Data extracted from a collection

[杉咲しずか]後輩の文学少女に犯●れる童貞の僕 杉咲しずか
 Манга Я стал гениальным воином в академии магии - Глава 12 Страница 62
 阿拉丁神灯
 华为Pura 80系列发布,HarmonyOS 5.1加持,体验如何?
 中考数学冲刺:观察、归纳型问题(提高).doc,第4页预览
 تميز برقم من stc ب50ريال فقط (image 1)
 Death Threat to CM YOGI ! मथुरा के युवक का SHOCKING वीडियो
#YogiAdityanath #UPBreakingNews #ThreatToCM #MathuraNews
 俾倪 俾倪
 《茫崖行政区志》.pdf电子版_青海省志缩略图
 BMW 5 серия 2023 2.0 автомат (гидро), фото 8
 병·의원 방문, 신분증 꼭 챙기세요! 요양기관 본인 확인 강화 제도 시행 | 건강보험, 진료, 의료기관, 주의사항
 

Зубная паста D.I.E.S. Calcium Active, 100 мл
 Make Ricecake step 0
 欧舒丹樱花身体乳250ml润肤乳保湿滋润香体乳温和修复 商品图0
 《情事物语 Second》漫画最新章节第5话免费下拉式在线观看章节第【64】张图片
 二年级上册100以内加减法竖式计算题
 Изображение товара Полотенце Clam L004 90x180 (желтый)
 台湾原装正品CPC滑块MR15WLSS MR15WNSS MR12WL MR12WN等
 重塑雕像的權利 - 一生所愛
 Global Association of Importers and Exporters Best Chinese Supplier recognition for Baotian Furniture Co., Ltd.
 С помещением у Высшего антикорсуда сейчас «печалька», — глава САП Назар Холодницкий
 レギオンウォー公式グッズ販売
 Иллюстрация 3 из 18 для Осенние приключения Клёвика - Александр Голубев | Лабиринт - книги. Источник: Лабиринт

Task description
The answer should hold only the lines from the start of the records above through the line containing "Death Threat to", each set down exactly.

Task response
[杉咲しずか]後輩の文学少女に犯●れる童貞の僕 杉咲しずか
 Манга Я стал гениальным воином в академии магии - Глава 12 Страница 62
 阿拉丁神灯
 华为Pura 80系列发布,HarmonyOS 5.1加持,体验如何?
 中考数学冲刺:观察、归纳型问题(提高).doc,第4页预览
 تميز برقم من stc ب50ريال فقط (image 1)
 Death Threat to CM YOGI ! मथुरा के युवक का SHOCKING वीडियो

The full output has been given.